Two statistics per channel × three channels = six numbers carry the entire colour transfer. The whole pipeline is two colour-space conversions, six cv2.meanStdDev calls, and per-pixel arithmetic, which is why it runs in milliseconds on a CPU and why it sits inside compositing tools that need real-time recolour.

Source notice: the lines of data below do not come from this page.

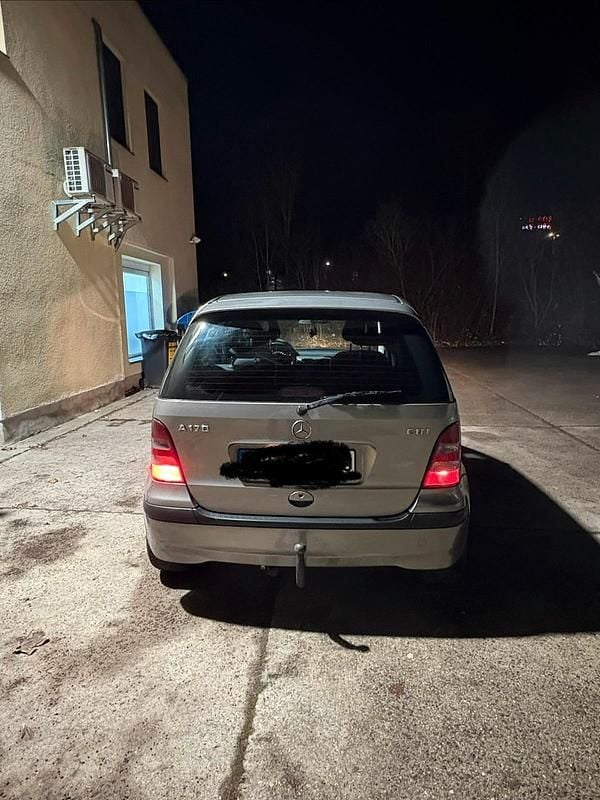 Gebraucht Mercedes A170 95 PS (69 kW) 2005 Grau Kleinwagen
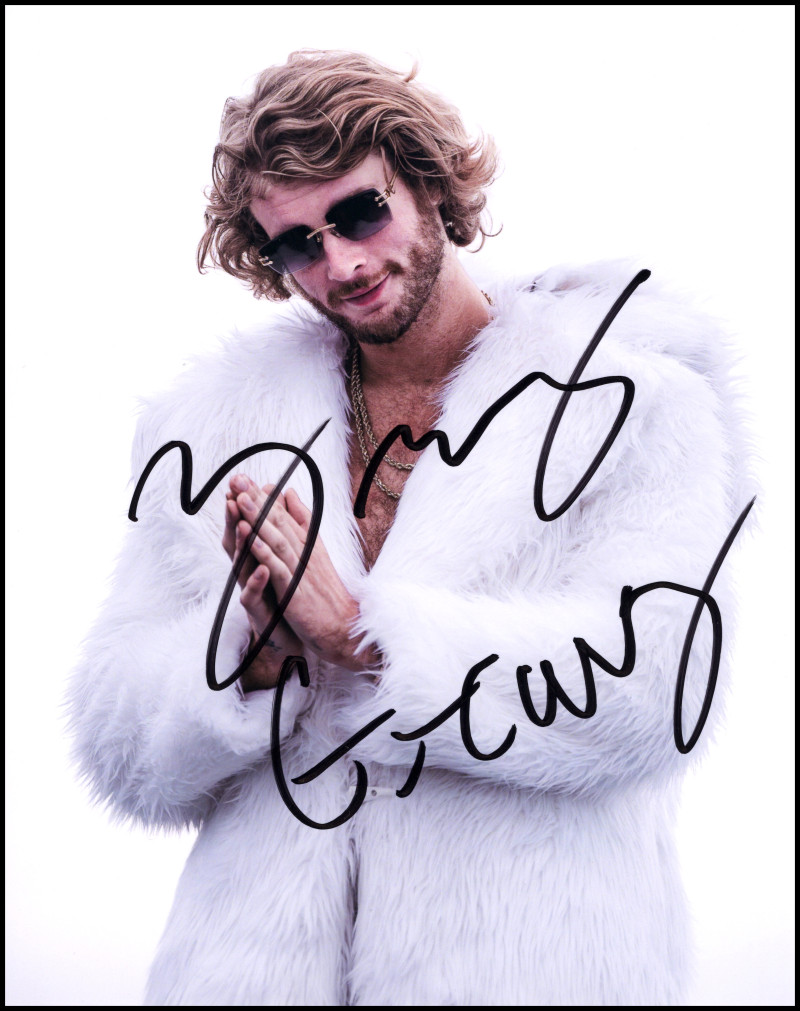 Yung Gravy Signed Autograph 8×10 Photo – Betty (Get Money) Marvelous Rapper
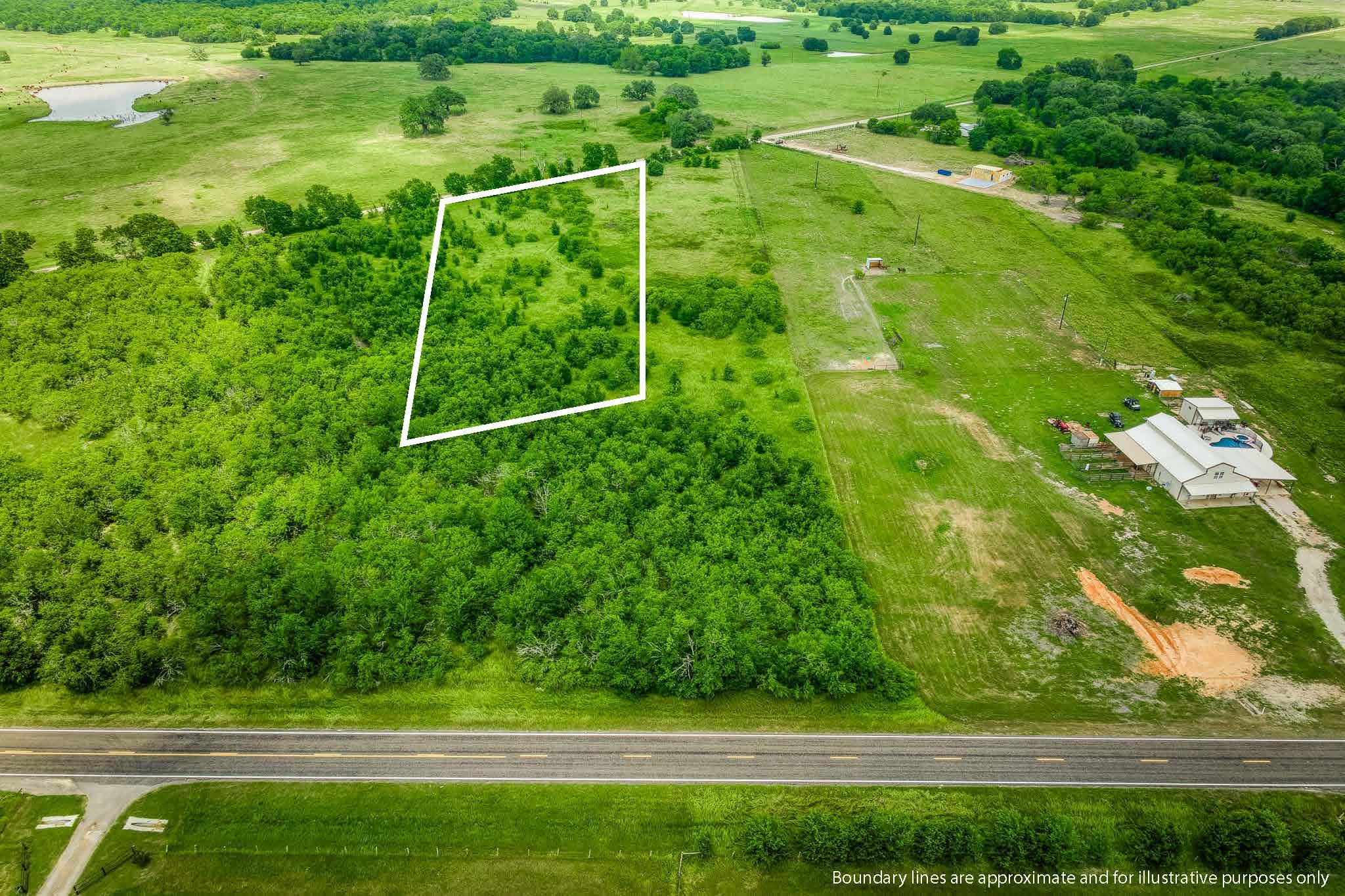 10440 County Road 276 Land, Somerville, TX 77879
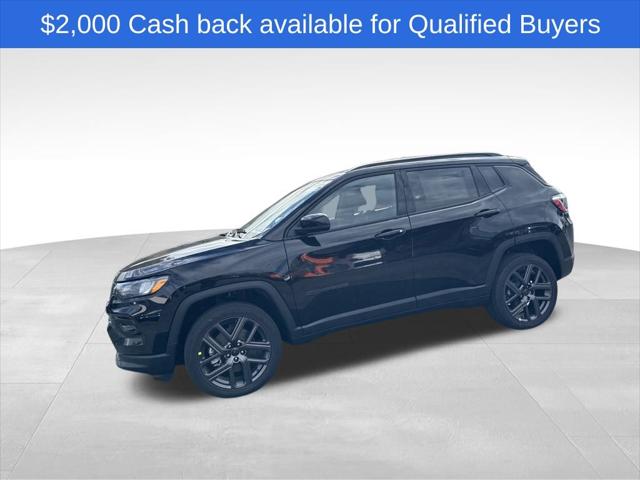 2026 Jeep Compass COMPASS LIMITED ALTITUDE 4X4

When the method works, when it doesn't

  • Works when the reference and the target share rough scene composition: similar foreground/background ratios, similar brightness range. The transfer adjusts a globally-consistent palette without needing per-pixel correspondence.
  • Fails gracefully when ratios diverge: an image with a small bright object on a large dark background, recoloured against a reference with the opposite distribution, ends up with the bright object getting most of the colour shift even when it shouldn't.
  • Fails badly when the assumption of unimodal per-channel statistics breaks. A target with bimodal a* (e.g., split between two strongly different hues) loses the bimodality after the linear remap.
  • Not the same as colorization. True colorization takes a grayscale input and assigns chrominance from learned priors (Welsh et al. 2002, Levin et al. 2004, modern CNN/GAN methods). Reinhard transfer requires colour input on both sides.

Selected Results

Reference palette is taken from Lenna throughout. Three of the nine targets are shown.

Cameraman test image after Reinhard colour transfer using Lenna's Lab statistics as the reference palette

Target: Cameraman. The originally near-grayscale target picks up a warm, low-saturation cast from the reference.

Sailboat test image after Reinhard colour transfer using Lenna's Lab statistics

Target: Sailboat. The blue-dominant target shifts toward the warmer reference distribution while preserving the structural luminance.

Yacht test image after Reinhard colour transfer using Lenna's Lab statistics

Target: Yacht. Per-channel statistics move chromaticity without crushing the high-contrast hull/sail/water structure.

Reference

Reinhard, E., Adhikhmin, M., Gooch, B., & Shirley, P. (2001). Color Transfer between Images. IEEE Computer Graphics and Applications, 21(5), 34–41.